Opposing Amendments to Waqf Act is the Bounden Duty of All Indians

Date:

Syed Akmal Razvi | Clarion India

THE foundations of India were designed to make the country a stable democracy. In its simplest form, democracy is a system where the people have the power to elect their leaders and have a say in decision-making. Stability of democracy simply means that the system can endure over time without collapsing into chaos or authoritarianism.

A stable democratic India, therefore, needs to adhere to the basic principles that govern a democracy.

1) Rule of Law

Everyone, including the government, is required to follow the law to ensure that there is order.

2) Adherence to the constitutional principles

The Constitution establishes the principles of governance and the rights of citizens with special protection for freedoms and the weak.

3) Civil liberties and human rights must be protected. Freedom of speech, freedom to assemble peacefully, allowing people to express dissent and holding the government accountable.

4) Informed and engaged citizenry

An informed and engaged citizenry which has access to information can make informed decisions and participate effectively in democracy. 

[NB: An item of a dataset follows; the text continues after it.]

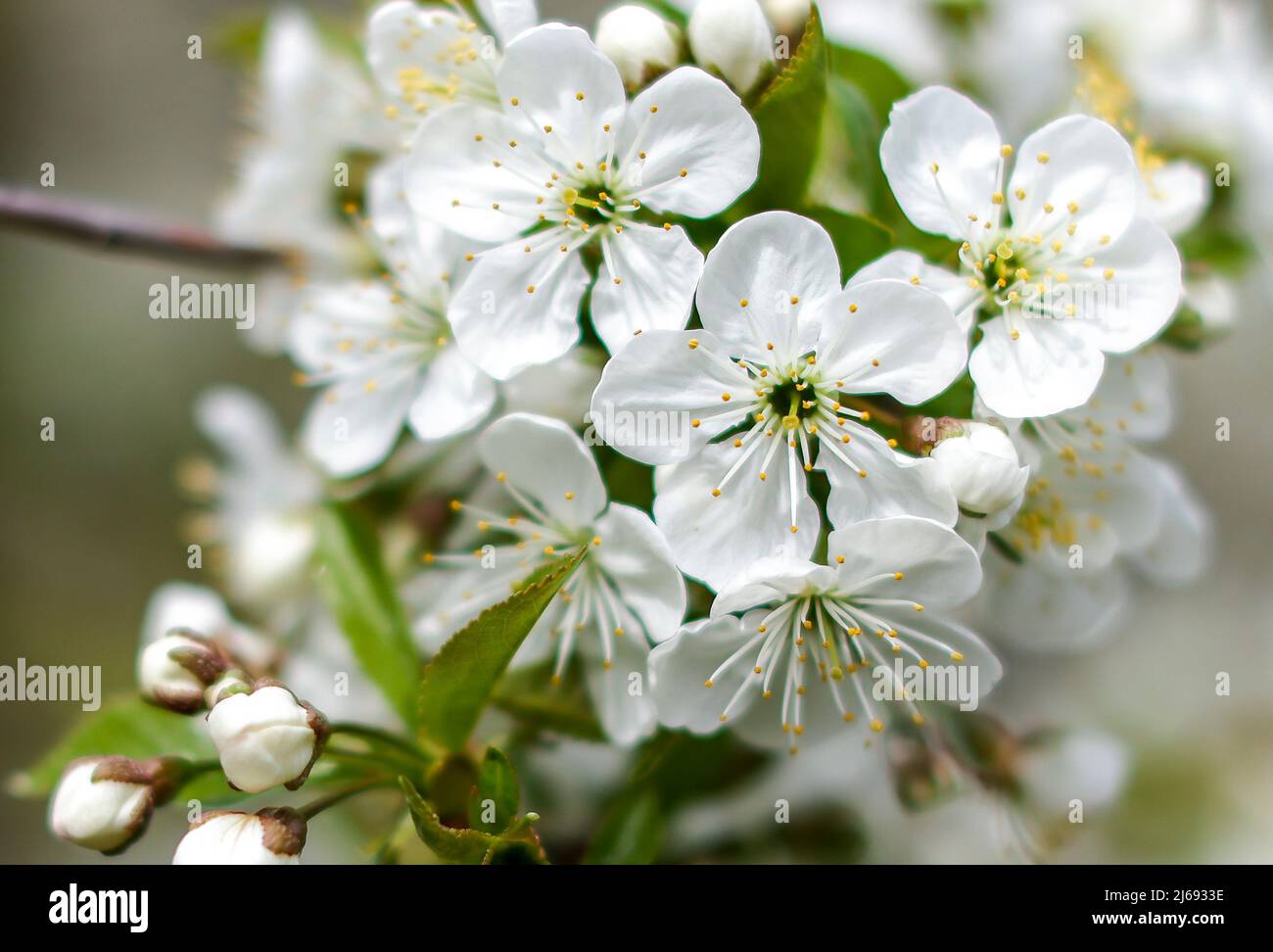 29 aprile 2022, Sassonia, Grimma: Fiori di ciliegio in una piantagione vicino a Dürrweitzschen. Il gruppo Obstland coltiva principalmente mele nella regione, ma anche ciliegie, fragole, prugne e ribes. La frutta viene venduta direttamente con il marchio Sachsenobst o trasformata in succhi di frutta nella sala stampa dell'azienda. Foto: Jan Woitas/dpa Foto Stock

5)  Protection of minority rights

In a democracy, protecting minority groups from being marginalised is crucial. Otherwise, persistent inequality and discrimination can lead to conflict and instability. A society that is divided along ethnic, religious, or class lines struggles to maintain a stable democracy. Policies that promote inclusion and reduce inequalities guarantee a stable democracy.

The protest against the Waqf Amendment Act is crucial. The Act strikes at the very root of a stable democratic India.

The amendments are primarily aimed at perpetuating majoritarianism, blatant discrimination, seizing Waqf lands illegally and interfering with the right of the minorities to manage their institutions in gross violation of the constitutional guarantees of equality, non-discrimination, rights of minorities and federalism.

Majoritarianism

Buddha was enlightened in Bodh Gaya and Bodh Gaya is a Buddhist religious institution. In 1590 Mahant Ghamandi Giri, a Saivite, established a mutt within the temple complex. The Bodh Gaya Temple Act 1949 was brought into force for the better management of the Bodh Gaya temple and the properties appertaining thereto.  

The Act provides that the Mahanth, i.e., the presiding priest of the Saivite Monastery at Bodh Gaya, along with a committee consisting of a chairman and eight members nominated by the State — all of whom shall be Indians and of whom four shall be Buddhists and four shall be Hindus, including the Mahanth.

The district magistrate of Gaya shall be the ex-officio chairman of the committee: Provided that the state government shall nominate a Hindu as chairman of the committee for the period during which the district magistrate of Gaya is non-Hindu. 

The Buddhists have been protesting the takeover of the temple and approached the Supreme Court in 2012. The matter is still pending there even after 13 years.

Similarly, the government of Punjab tried to interfere in the Shiromani Gurdwara Parbandhak Committee Act (SGPCA) which is governed by the Sikh Gurudwara Act 1925. The Sikh community is steadfastly resisting this interference.

Article 26 of the Constitution reads:

Freedom to manage religious affairs

Subject to public order, morality and health, every religious denomination or any section thereof shall have the right —

(a) to establish and maintain institutions for religious and charitable purposes;

(b) to manage its own affairs in matters of religion;

(c) to own and acquire movable and immovable property; and

(d) to administer such property in accordance with the law.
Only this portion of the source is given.